Blogs

Can GCSE and A level exam grades be trusted?

Roughly speaking, if there were 54,000 marking errors in the 300,000 GCSE and A level grades that were challenged last year, how many might there be in the 5,700,000 grades that were not challenged? Dennis Sherwood looks at the problems of exam grade reliability
Image: Adobe Stock

“Grades can be relied on.”

The delivery of reliable GCSE, AS and A level grades is indeed what we all want; what we all expect.

The words above are from Ofqual’s chief regulator, Dr Jo Saxton, spoken on June 29, just after this year’s exams had been completed, at a hearing of the House of Lords Education for 11-16 Year Olds Committee.

The full context can be seen, and heard, from 12:34:13 on the Parliament TV recording here; this, to me, is the key statement: “I can assure this committee and young people who will receive their grades this summer that they can be relied on, that they will be fair, and that the quality assurance around them is as good as it is possible to be.”

 

Three reasons why grades can be wrong

A student can be awarded the wrong grade as the result of three, very different, circumstances.

 

1, Administrative or clerical error

The first, and most obvious, is a consequence of an administrative or clerical error such as the failure to mark a question, the omission of a question’s mark from the total, or a mistake in adding each question’s mark to derive the total.

These are all matters of “good housekeeping”, and we would all expect the exam boards to have robust internal systems. Such errors should therefore be extremely rare.

 

2, Mistakes in the awarding of marks

The second concerns mistakes in the awarding of marks that contribute to the final grade. For non-examined assessment, in which internally awarded marks are subsequently moderated, it is possible that the moderator might not follow the guidelines, resulting in a “moderation error”; for written examinations, the examiner might fail to comply with the appropriate mark scheme, resulting in a “marking error”.

Central to the identification of these errors is the concept of “tolerance”, which recognises that different, equally qualified, examiners might give the same answer (slightly) different marks (see Swan, 2016).

Accordingly, if a senior examiner were to give a particular question 13 marks out of 20, another examiner might give 12, another might give 15, and another still might judge it to be worth just 9.

If the tolerance for this particular question is 2 marks, then – given the senior examiner’s mark of 13 – the marks of 12 and 15 are accepted. The mark of 9, however, is deemed a marking error.

A vital aspect of the exam board’s quality assurance – which Dr Saxton informed us at the House of Lords’ hearing is “as good as it is possible to be” – is therefore to monitor examination marking, as it takes place, to ensure that any marking errors are spotted as they happen, and that appropriate corrective action is taken to ensure that the mark on which that candidate’s grade is based is fully legitimate.

 

3, Tolerance

The third reason why a grade might be wrong is directly attributable to tolerance.

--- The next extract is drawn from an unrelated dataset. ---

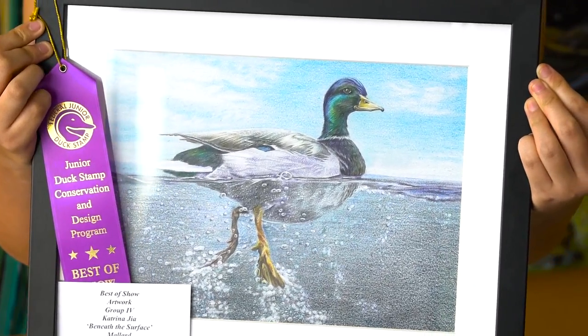I see ducks around the lakes and everything when we go to parks, and I thought it would be cool if we could see the ripples it makes under the water, so I decided to draw this. It feels great. Hopefully it will get something in nationals.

Returning to the example above, marks of 11, 12, 13, 14 and 15 out of 20 for that particular question are all within tolerance, as discussed – all are legitimate. When considering this question's impact on the exam as a whole, the candidate’s total marks might therefore be, say, 63, 64, 65, 66 or 67.

If grade A is defined as “all marks from 61 to 70”, the candidate is awarded grade A regardless. But if the A/A* grade boundary is 65/66, then the candidate’s certificate shows grade A or A* as the result not of the candidate’s performance but of the lottery of which of the examiners above did the marking.

 

Which grade is ‘right’?

Ofqual resolve this issue by defining the grade attributable to a subject senior examiner’s mark as “definitive” or “true”. But since no one knows whether the grade actually awarded corresponds to the “definitive/true” grade of a senior examiner or not this is not helpful and leads us to question the reliability of the grade on the candidate’s certificate.

Nor does the appeals process allow the “definitive/true” grade to be discovered.

 

How the appeals process does and doesn’t work

We all know that mistakes can happen in any system. Yes, quality assurance processes are intended to minimise their incidence, but however good those are, some errors will get through.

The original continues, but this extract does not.